İyi de salıverildikten sonra yeniden daha da güçlenerek suç işlemeye devam ederlerken on seneden fazla bir süre içinde polis, savcılar, mahkemeler, iktidar neden hiçbir şey yapmadı. Göz yumdu güçlenip gelişmelerine?
Belgeselde dönüp dolaşıp Şebnem Hoca diyorlar. Suç örgütü onun yüzünden daha da güçlendi diyorlar. Bir de sık sık tekrarlanan diğer bir söz polislerin işkencecilikle suçlandığı ve hayatlarının zindan edildiği. Şebnem Hoca birileri bu beş kişiye işkence yapmış olabilir diye bir (Belki daha fazla, tam anlaşılmıyor, orayı geveliyorlar) gül gibi polisimiz gadre uğramış.
Benim elli senedir şahsi deneyimim ve gözlemim şudur; bu elli senede binlerce polis işkence yapmakla suçlanmış, şikayet edilmiş, bazılarının hakkında dava açılmak zorunda kalınmış ama hiçbiri gadre uğramamıştır. Devlet tarafından bütün işkenceciler korunmuş, terfi ve taltif edilmiş; haklarında çok açık deliller olanlar bile hafif cezalarla ve hiç cezaevine girmeden cezalandırılmış ve polislikten çıkarılsa bile bir yerlere yerleştirilerek iş ve çeşitli olanaklar sağlanmıştır. Gadre uğradığı söylenen polis şefi de ölmeden kısa süre öncesine kadar her gün bir TV kanalında konuşturulan biriydi ve sanıyorum polislikten ayrıldığından daha iyi yaşıyordu.
Neyse, fazla uzatmayalım. İktidarların faşizmin dozunu arttırmaya hazırlandığı dönemlerde hep böyle olmuştur.

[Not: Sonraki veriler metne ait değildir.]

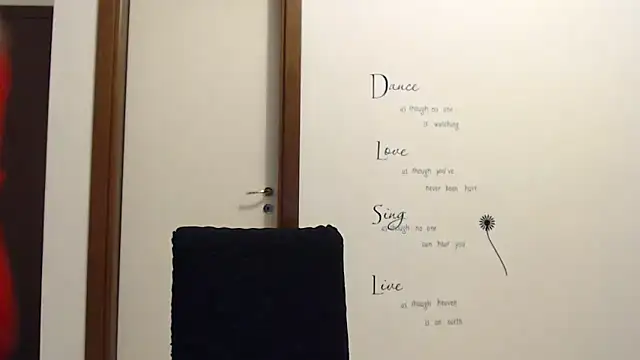 Snapshot of Eva_Eldis chatting on 11-05-25, 03:59 Eva Eldis online show from 11-05-25, 03:59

Birileri “Kahrolsun insan hakları” demeye başlar. Bir süredir bu koronun başını Devlet Bahçeli çekiyor. İnsan hakları savunucuları hedefe konur, şeytanlaştırılmaya başlanır, düşman ilan edilir. Şebnem Konur Fincancı, Akın Birdal, Eren Keskin, Gergerlioğlu vb. üzerinden insan hakları savunucuları korkutulmaya, sindirilmeye çalışılır.

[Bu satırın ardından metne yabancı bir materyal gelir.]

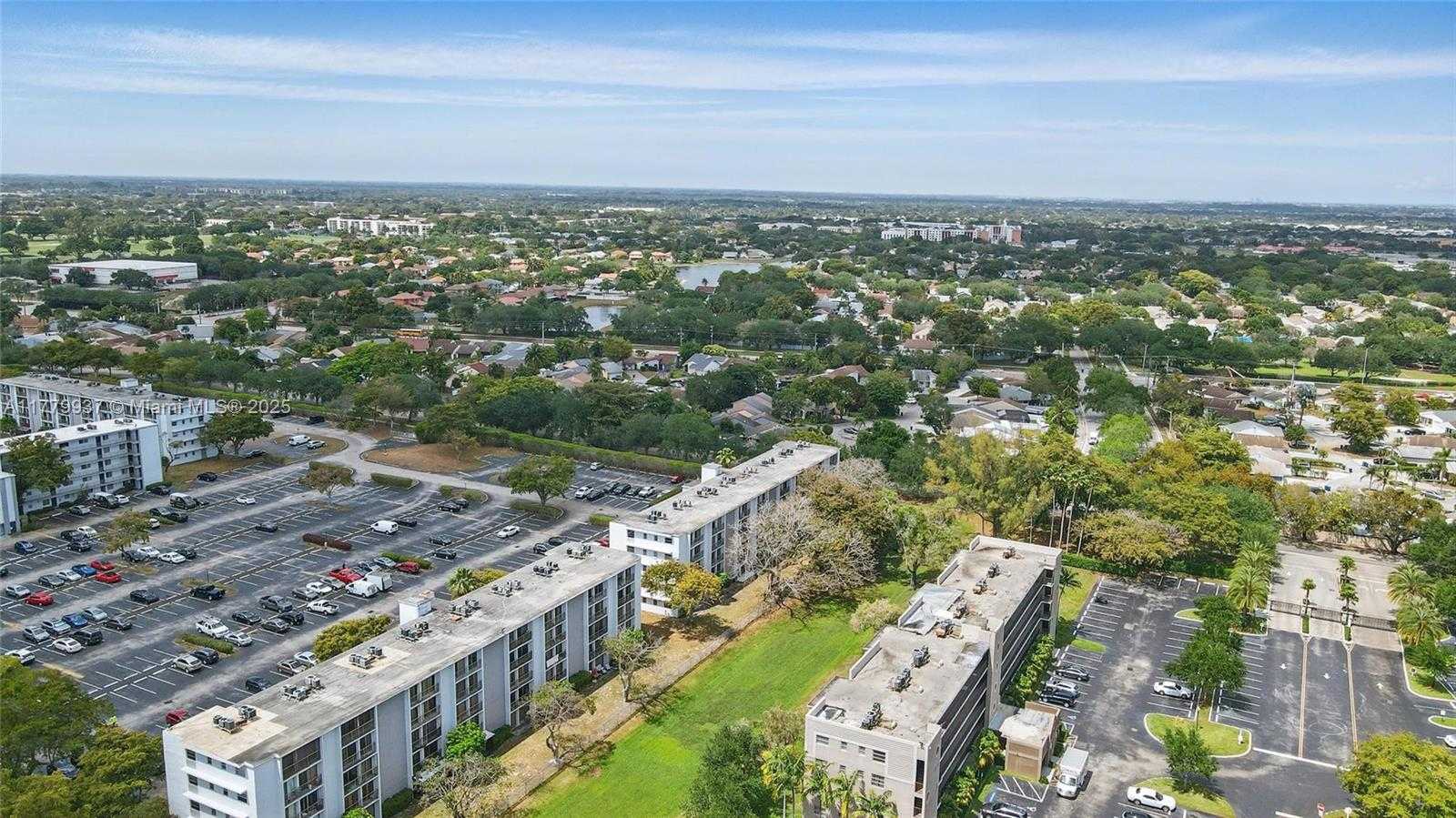 Small Image of 8540 NORTH SHERMAN CIR #408, Miramar Number 4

Kahrolsun insan hakları denilmeye başlandığı zaman insan haklarını daha güçlü savunmak gerekir. Bizim solcu gazetecilerin yaptığı gibi “büyük fotoğrafı” görme havaları ile insan hakları ve demokrasi düşmanlarının kuyruğuna takılmamak gerekir. Sonra onlar da insan hakları savunucularından yardım istemek zorunda kalır. Liberal solcular, Ergenekoncular gibi.